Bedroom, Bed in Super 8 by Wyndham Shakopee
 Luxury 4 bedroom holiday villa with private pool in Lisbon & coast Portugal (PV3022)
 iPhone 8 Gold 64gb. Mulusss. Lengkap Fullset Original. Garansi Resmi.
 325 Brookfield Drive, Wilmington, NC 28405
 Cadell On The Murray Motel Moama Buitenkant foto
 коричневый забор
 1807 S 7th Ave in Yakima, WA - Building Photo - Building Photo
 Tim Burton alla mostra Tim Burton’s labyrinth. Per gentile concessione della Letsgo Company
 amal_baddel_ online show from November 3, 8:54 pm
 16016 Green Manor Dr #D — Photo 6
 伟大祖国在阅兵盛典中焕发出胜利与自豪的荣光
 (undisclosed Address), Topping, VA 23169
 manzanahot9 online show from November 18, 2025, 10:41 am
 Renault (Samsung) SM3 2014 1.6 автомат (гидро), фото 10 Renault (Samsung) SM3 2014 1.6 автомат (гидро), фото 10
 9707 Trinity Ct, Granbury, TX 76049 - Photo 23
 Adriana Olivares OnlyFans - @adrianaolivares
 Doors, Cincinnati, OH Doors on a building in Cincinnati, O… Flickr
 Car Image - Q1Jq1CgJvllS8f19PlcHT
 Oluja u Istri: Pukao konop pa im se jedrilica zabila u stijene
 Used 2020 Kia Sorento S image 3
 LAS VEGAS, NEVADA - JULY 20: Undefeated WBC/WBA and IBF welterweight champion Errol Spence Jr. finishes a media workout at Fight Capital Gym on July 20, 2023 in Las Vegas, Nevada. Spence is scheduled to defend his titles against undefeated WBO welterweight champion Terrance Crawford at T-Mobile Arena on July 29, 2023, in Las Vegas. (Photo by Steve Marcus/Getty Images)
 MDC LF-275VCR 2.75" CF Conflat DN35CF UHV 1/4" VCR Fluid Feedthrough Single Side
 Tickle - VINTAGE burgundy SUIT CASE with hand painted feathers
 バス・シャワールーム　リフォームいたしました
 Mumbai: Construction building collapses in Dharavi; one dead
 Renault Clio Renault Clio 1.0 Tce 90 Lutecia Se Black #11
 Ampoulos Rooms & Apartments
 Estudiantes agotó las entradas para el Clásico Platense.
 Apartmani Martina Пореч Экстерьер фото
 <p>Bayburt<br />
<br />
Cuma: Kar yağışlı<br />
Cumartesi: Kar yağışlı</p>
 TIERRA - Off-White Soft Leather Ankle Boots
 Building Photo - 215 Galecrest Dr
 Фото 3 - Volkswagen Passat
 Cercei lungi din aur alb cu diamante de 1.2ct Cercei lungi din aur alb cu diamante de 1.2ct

###

Copy out the records above exactly and completely.

# ANSWER TO THE PROBLEM:
Bedroom, Bed in Super 8 by Wyndham Shakopee
 Luxury 4 bedroom holiday villa with private pool in Lisbon & coast Portugal (PV3022)
 iPhone 8 Gold 64gb. Mulusss. Lengkap Fullset Original. Garansi Resmi.
 325 Brookfield Drive, Wilmington, NC 28405
 Cadell On The Murray Motel Moama Buitenkant foto
 коричневый забор
 1807 S 7th Ave in Yakima, WA - Building Photo - Building Photo
 Tim Burton alla mostra Tim Burton’s labyrinth. Per gentile concessione della Letsgo Company
 amal_baddel_ online show from November 3, 8:54 pm
 16016 Green Manor Dr #D — Photo 6
 伟大祖国在阅兵盛典中焕发出胜利与自豪的荣光
 (undisclosed Address), Topping, VA 23169
 manzanahot9 online show from November 18, 2025, 10:41 am
 Renault (Samsung) SM3 2014 1.6 автомат (гидро), фото 10 Renault (Samsung) SM3 2014 1.6 автомат (гидро), фото 10
 9707 Trinity Ct, Granbury, TX 76049 - Photo 23
 Adriana Olivares OnlyFans - @adrianaolivares
 Doors, Cincinnati, OH Doors on a building in Cincinnati, O… Flickr
 Car Image - Q1Jq1CgJvllS8f19PlcHT
 Oluja u Istri: Pukao konop pa im se jedrilica zabila u stijene
 Used 2020 Kia Sorento S image 3
 LAS VEGAS, NEVADA - JULY 20: Undefeated WBC/WBA and IBF welterweight champion Errol Spence Jr. finishes a media workout at Fight Capital Gym on July 20, 2023 in Las Vegas, Nevada. Spence is scheduled to defend his titles against undefeated WBO welterweight champion Terrance Crawford at T-Mobile Arena on July 29, 2023, in Las Vegas. (Photo by Steve Marcus/Getty Images)
 MDC LF-275VCR 2.75" CF Conflat DN35CF UHV 1/4" VCR Fluid Feedthrough Single Side
 Tickle - VINTAGE burgundy SUIT CASE with hand painted feathers
 バス・シャワールーム　リフォームいたしました
 Mumbai: Construction building collapses in Dharavi; one dead
 Renault Clio Renault Clio 1.0 Tce 90 Lutecia Se Black #11
 Ampoulos Rooms & Apartments
 Estudiantes agotó las entradas para el Clásico Platense.
 Apartmani Martina Пореч Экстерьер фото
 <p>Bayburt<br />
<br />
Cuma: Kar yağışlı<br />
Cumartesi: Kar yağışlı</p>
 TIERRA - Off-White Soft Leather Ankle Boots
 Building Photo - 215 Galecrest Dr
 Фото 3 - Volkswagen Passat
 Cercei lungi din aur alb cu diamante de 1.2ct Cercei lungi din aur alb cu diamante de 1.2ct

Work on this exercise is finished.